Voiello isn’t just scrambling with the pope. He also enters into a war with the nuns, who are now dramatically laid out in a circle in the middle of the Sistine Chapel, occupying one of the most holy places in the church. This plot feels like it should be dramatic, but instead it is very funny, in details like the hard cut to Voiello handing €200 to the nuns, attempting to paper over the initial concern about the trip. But it’s too late: the nuns now want to overhaul the whole system that made it possible for this type of injustice to happen at all. The scenes between Voiello, the Abbess, and Sister Lisette have an almost comic lightness to them, as if we’re about to watch a verbal sparring match from The Neighbors instead of a dramatic ideological battle over the future of the church. Eventually, Voiello plays an early trump card: He turns off the WiFi in the Vatican, preventing Sister Lisette from using social media to organize other nuns. The nuns couldn’t compromise, even if they wanted to.
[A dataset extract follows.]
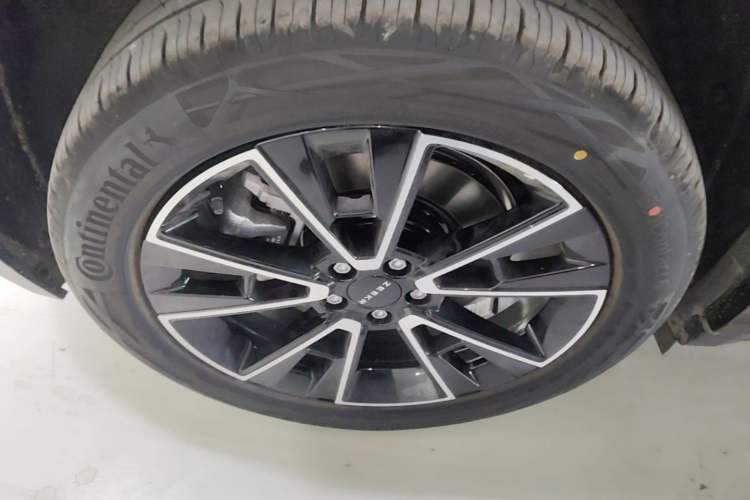 Used Zeekr X 2026 Max Five-Seat Edition Right Rear Wheel Hub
Nearly everyone else in the pope’s inner (and outer) orbits are also in the process of compromising, of giving up deeply held beliefs about themselves. Gutierrez gets a visit from Freddie, the young man he befriended during his trip to New York in The Young Pope—a visit that ends in sex. This is pretty shocking for the devout, kind Gutierrez, especially just two episodes after his rejection of Assente’s affection. I’m glad Gutierrez is getting some, but I’m also sad for him, and I want to know more about what’s going on. Really, it seems like Gutierrez has been suffering without Lenny, his spiritual rock—a spiritual slow burn that Javier Cámara holds tight in his sad, open face.
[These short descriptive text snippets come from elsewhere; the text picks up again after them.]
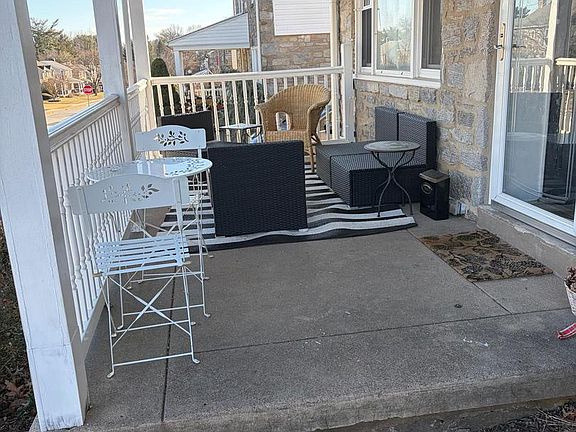 2nd image of 904 Penn Ave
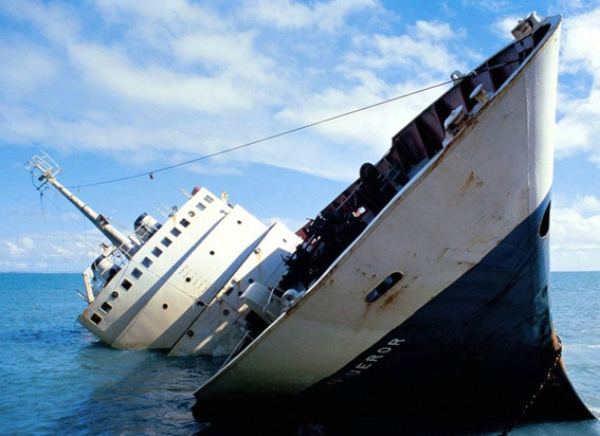 غرق شدن کشتی مسافربری دنا در کیش تلفات نداشت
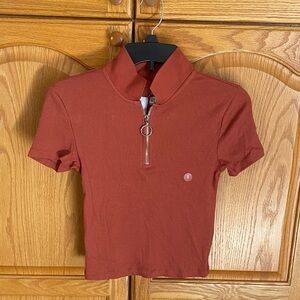 PacSun Brand Rust Quarter -Zip Short Sleeve Top. Size Small.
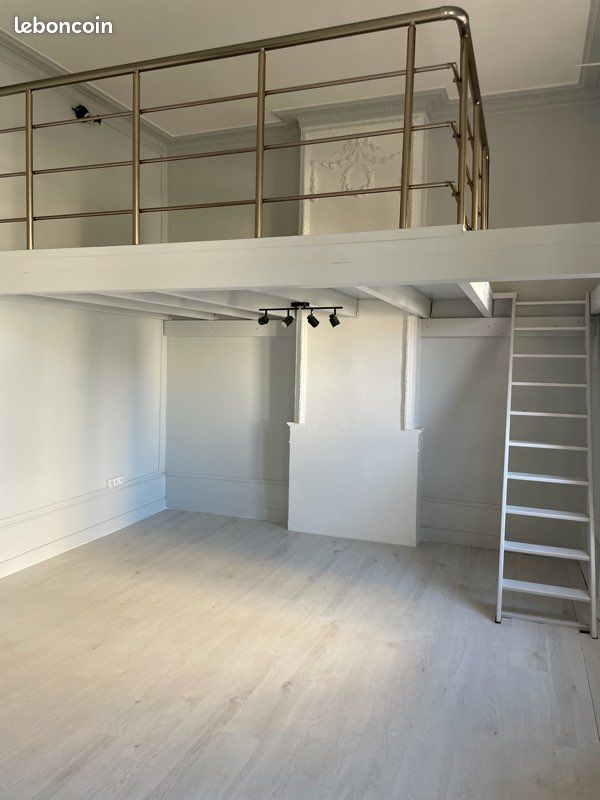 Appartement 1 pièce 37 m² · à Tournon-sur-Rhône · 37 m² · 530 €/mois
Esther, too, winds up giving in and going back to the boy she left in the last episode, after Fabiano calls her a “Sunday morning Christian” and the creepy priest begins openly molesting her. There isn’t a ton of material for Esther here, but her scenes all still feel like they’re from a horror movie—though there is a brief moment that suggests Esther might be enjoying the power she gets from this action, it still feels like a retroactive justification for why she is doing this, rather than something that grows out of who she is as a previously established character.
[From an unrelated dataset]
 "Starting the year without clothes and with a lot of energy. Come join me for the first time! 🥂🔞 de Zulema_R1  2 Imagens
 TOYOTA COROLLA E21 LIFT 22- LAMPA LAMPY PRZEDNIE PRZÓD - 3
The lack of clarity around Esther’s plot feels increasingly important, considering the way the season might veer into straight-up political intrigue. In a meeting with the Italian finance minister (the one who is conspiring with Spalletta and Tomas), Brannox learns that the Italian government is considering repealing the eight per thousand rule—the law that funds religious institutions (mostly the Vatican) directly with taxes from the Italian people. This is, of course, the exact position the conspirators want the pope in. Brannox is forced to appoint Tomas director of the Vatican’s finances in order to appease Spalletta, who can then remove the threat using his own ties to the finance minister. It’s not especially poetic, but it gets the job done for the bunker boys. Brannox wants to be above the fray, but, as we confirm by the end of the episode, the fray has come to him.

Stray observations:

  • Brannox looking at Marilyn Manson’s painting and responding with the word “interesting” is one of the funniest moments of the season so far.
  • According to the pope, “Jesus is civility.” I think we know who he’s voting for in the presidential election!
  • Best Brannox quote of the episode: “You, Voiello, have the great gift of informing me of things that would not interest me even if I were you.”
  • We see a flashback of Adam skiing down a mountain, with crosses replacing the traditional flags. For sure, that is definitely a normal thing to have.
  • The Venus Of Willendorf is now in Voiello’s room, which rules.
  • The Assente dance scene behind the closing credits is easily my favorite of these little moments, and one of my favorite parts of the whole season so far. If you’re curious, the song is “L’Orchestrina” by Paolo Conte.